Speaking at an event in London yesterday, he said changes to renewable subsidies have created a tougher market for clean energy developers than it was in the past, but said there was a "good aspect" to the changes.
"It forced all companies involved in renewable energy to improve the competitiveness of renewable energy," he said, answering questions from BusinessGreen.
Last month, EDF announced it would double its global renewables capacity from 28GW today to 50GW by 2030. Cahuzac said he was confident the cost of renewables would fall fast enough to make this achievable, regardless of subsidy changes in individual markets.
"When we assumed that we will move from 28GW to 50GW it was because we know for sure that the competitiveness [of renewable energy], whether it's for wind or solar, will improve dramatically in the coming years," he said. "And therefore, despite a change of policy in a given country, and even the fact that the subsidies to this sector are lowering around the world, we are truly confident that it will work.

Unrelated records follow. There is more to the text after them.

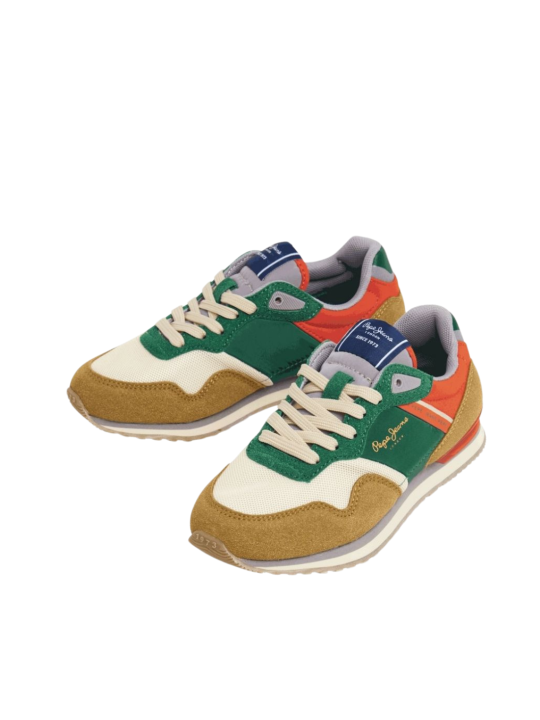 Deportivo Pepe Jeans London Life PBS40014 Beige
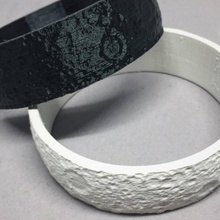solar pulseiras jóias 3d print model - Mito3D
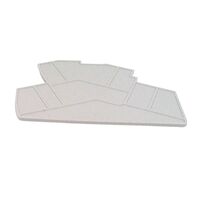 Allen-Bradley 1492EBLD4 End Barrier for Spring Clamp Type TB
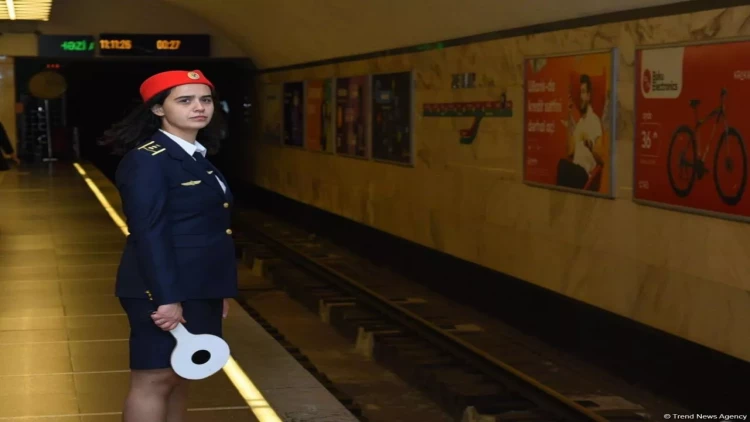 Bu stansiyalar arasında hərəkət qrafiki dəyişəcək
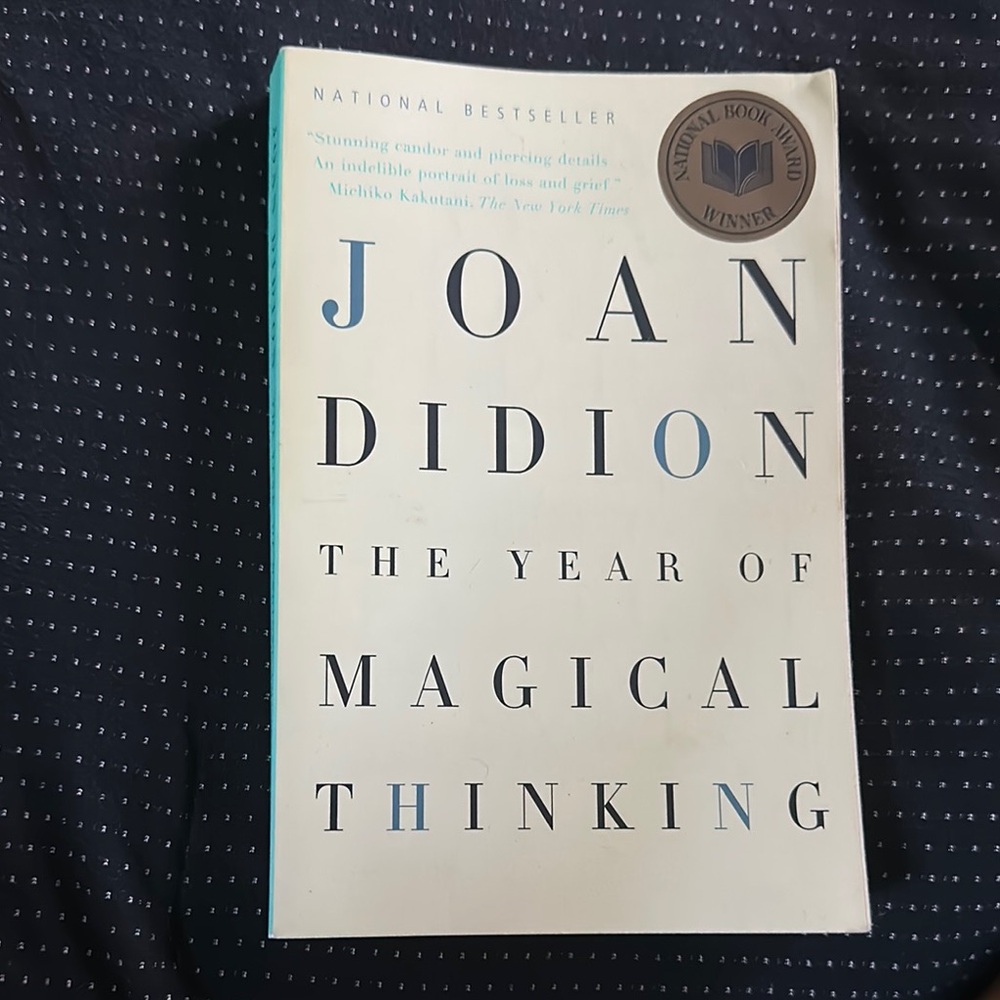 The Year of Magical Thinking Book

"As an example, we are building in various parts of the world renewable assets which are directly exposed to market risk, without any kind of subsidy," he added.
Cahuzac was speaking at the launch of a new report from PwC and the World Business Council for Sustainable Development (WBCSD). The report analysed the climate ambitions of nine industries set out by business working groups as part of the WBCSD's Low Carbon Technology Partnerships initiative. It found that if fulfilled, the nine climate plans set out by the working groups could deliver 65 per cent of the emissions cuts needed to put the world on a path to 2C of warming.
His comments came after Lord Deben defended the government's green policy rollbacks, admitting that the Climate Change Committee (CCC) that he chairs vastly underestimated improvements in offshore wind farms and the subsidies they would use up.
"The efficiency in offshore wind turned out to be much greater than anything we thought," he told BusinessGreen. "That was a mistake in the calculations which arose simply because technology has improved so much. Because of the certainty of the market, the huge change in the cost of offshore wind, as with solar, has been remarkable."
The government has faced fierce criticism over the past few months for its raft of green policy changes, which have been blamed for putting thousands of jobs at risk in the energy efficiency and solar sectors.
However, the government has consistently argued that the subsidy cuts were necessary to prevent a project overspend of the Levy Control Framework (LCF) - the government's budget for clean energy projects - and insisted it wants to see the renewables industry "stand on its own two feet".